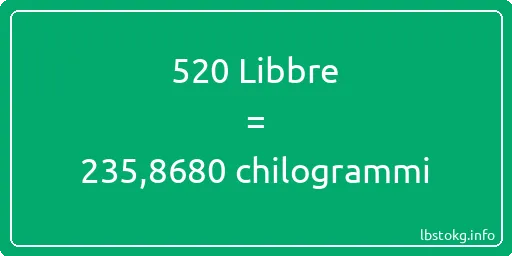 520 Libbre a chilogrammi - 520 Libbre a chilogrammi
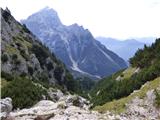 Rifugio San Marco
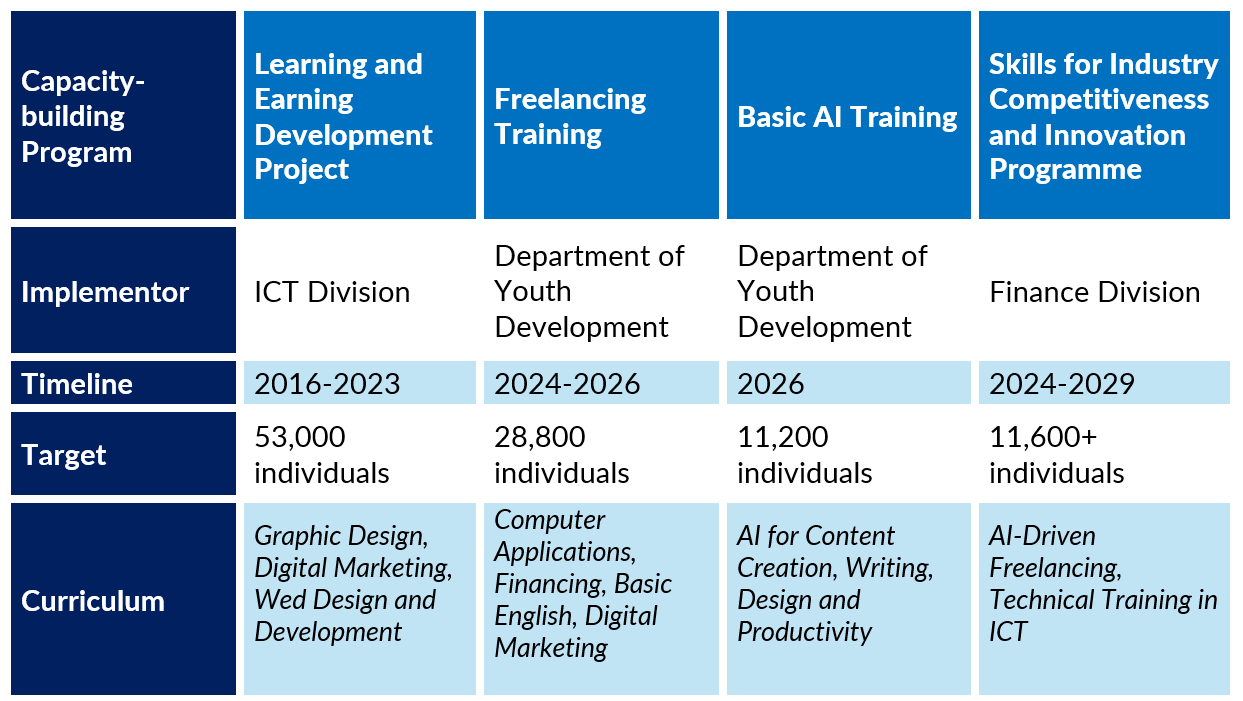 Government-run programs on Freelancing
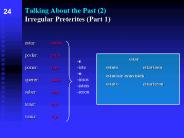 Talking About the Past 2 Irregular Preterites Part 1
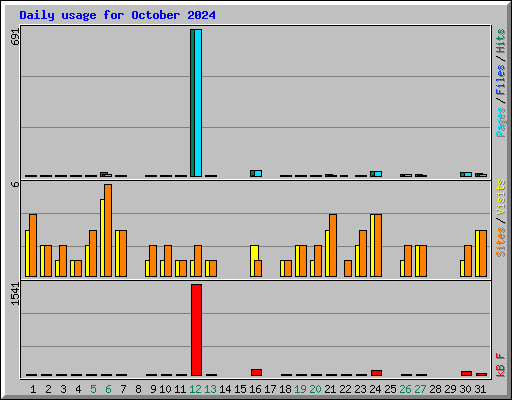 Daily usage for October 2024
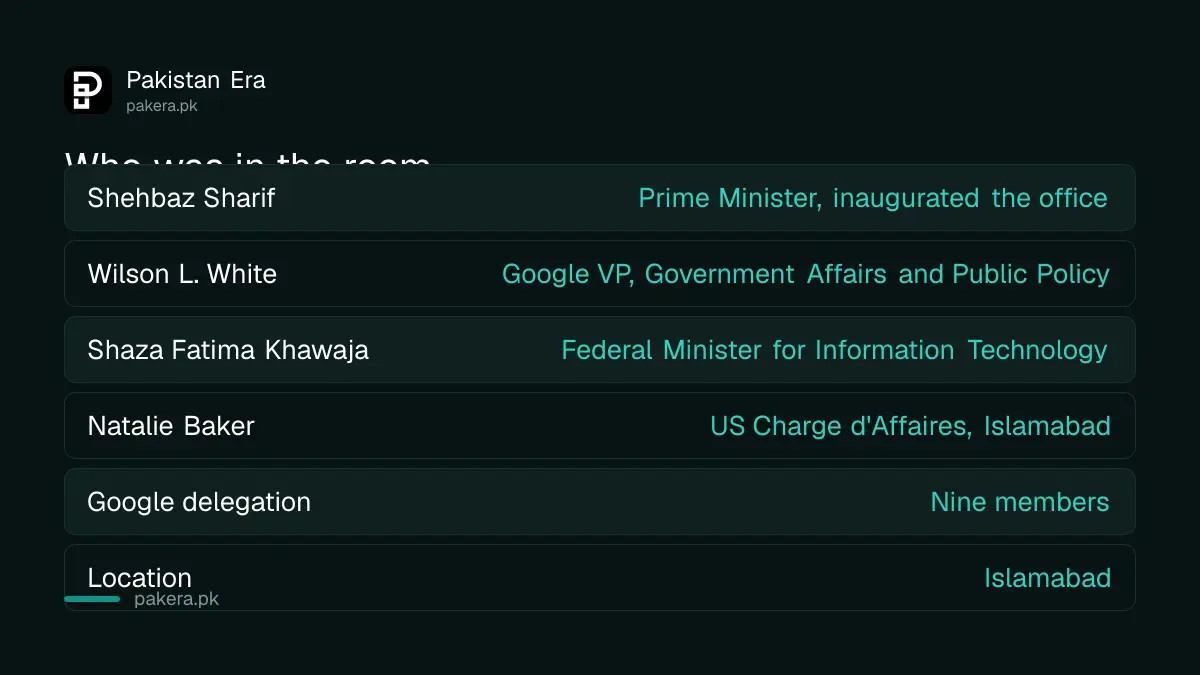 Who attended the Google Pakistan office inauguration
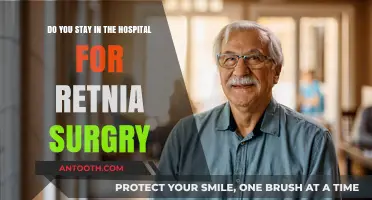 Retina Surgery Recovery: Hospital Stay or Outpatient Procedure?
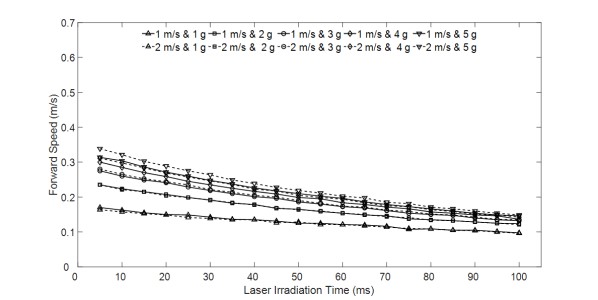 fig4 atb fahrgeschwindigkeit 03 small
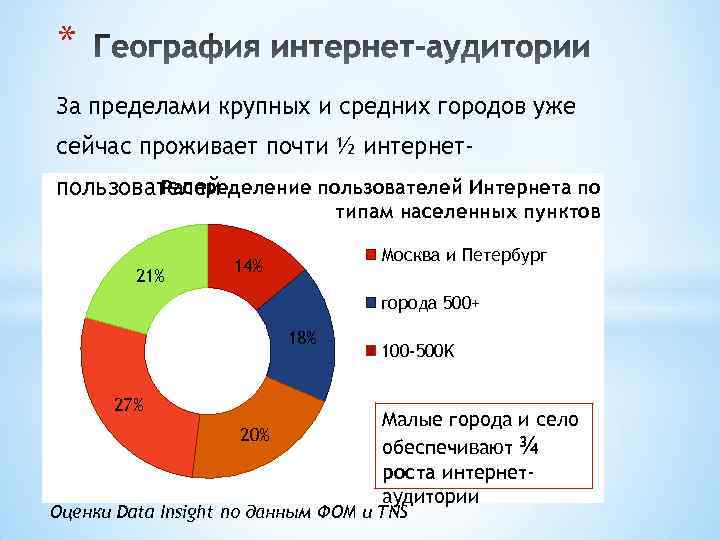 * За пределами крупных и средних городов уже сейчас проживает почти ½ интернет. Распределение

+++

## [What the exercise asks]
Output all lines above precisely. Pictures are to be left out.

## [Output of the exercise]
 520 Libbre a chilogrammi - 520 Libbre a chilogrammi
 Rifugio San Marco
 Government-run programs on Freelancing
 Talking About the Past 2 Irregular Preterites Part 1
 Daily usage for October 2024
 Who attended the Google Pakistan office inauguration
 Retina Surgery Recovery: Hospital Stay or Outpatient Procedure?
 fig4 atb fahrgeschwindigkeit 03 small
 * За пределами крупных и средних городов уже сейчас проживает почти ½ интернет. Распределение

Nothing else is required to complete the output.